(Supplied records Opens)

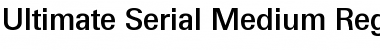 Ultimate-Serial-Medium Regular Font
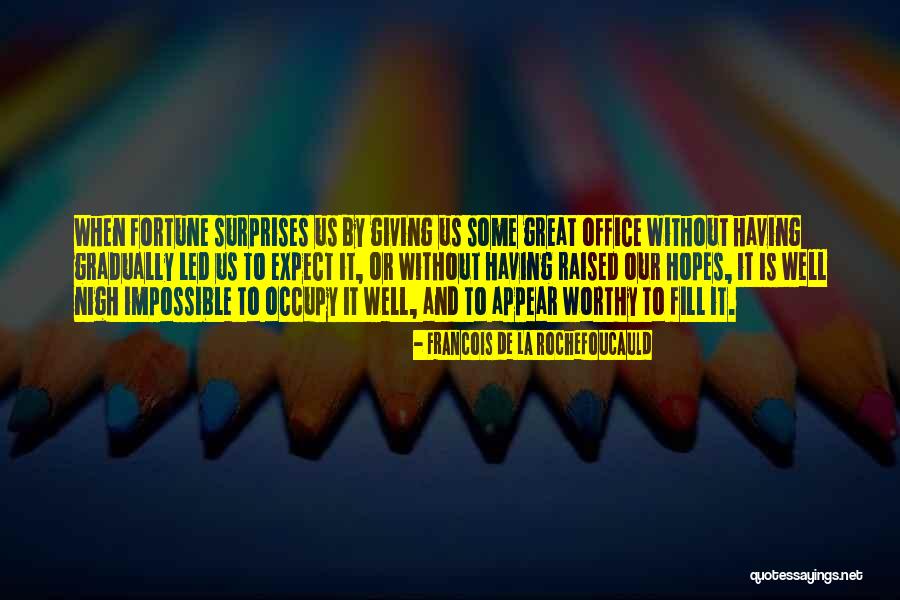 Seguna Weaver Quotes By Francois De La Rochefoucauld Seguna Weaver Quotes By Francois De La Rochefoucauld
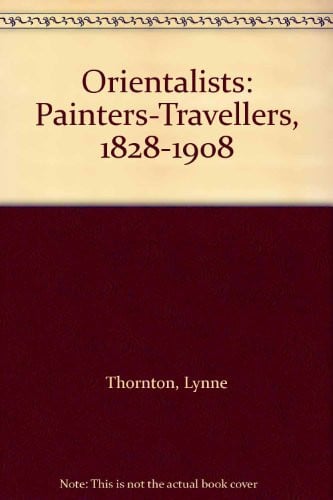 The Orientalists Painters-Travellers, 1828-1908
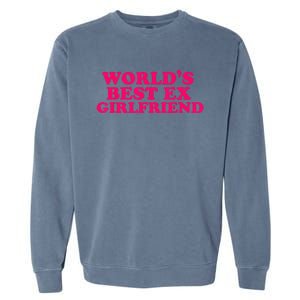 Worlds Best Ex Friend Funny Trendy GF Women Garment-Dyed Sweatshirt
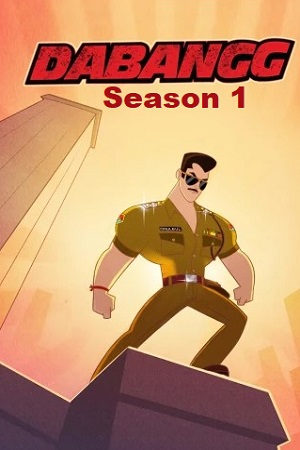 Dabangg (Season 1) Hindi Complete All Episodes Web Series 480p & 720p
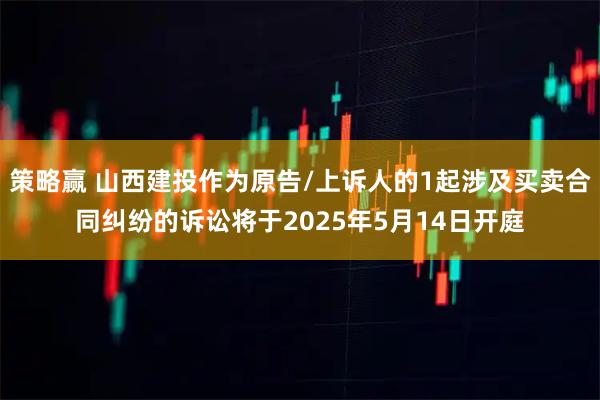 策略赢 山西建投作为原告/上诉人的1起涉及买卖合同纠纷的诉讼将于2025年5月14日开庭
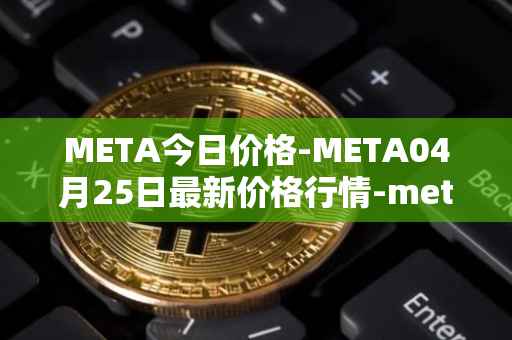 META今日价格-META04月25日最新价格行情-meta最新走势消息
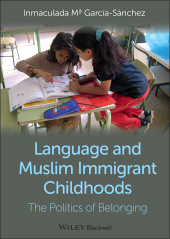 E-book, Language and Muslim Immigrant Childhoods : The Politics of Belonging, Blackwell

(Supplied records Closes)

Work required -> Give back every record above word for word, dropping pictures.

Exercise output ->
 Ultimate-Serial-Medium Regular Font
 Seguna Weaver Quotes By Francois De La Rochefoucauld Seguna Weaver Quotes By Francois De La Rochefoucauld
 The Orientalists Painters-Travellers, 1828-1908
 Worlds Best Ex Friend Funny Trendy GF Women Garment-Dyed Sweatshirt
 Dabangg (Season 1) Hindi Complete All Episodes Web Series 480p & 720p
 策略赢 山西建投作为原告/上诉人的1起涉及买卖合同纠纷的诉讼将于2025年5月14日开庭
 META今日价格-META04月25日最新价格行情-meta最新走势消息
 E-book, Language and Muslim Immigrant Childhoods : The Politics of Belonging, Blackwell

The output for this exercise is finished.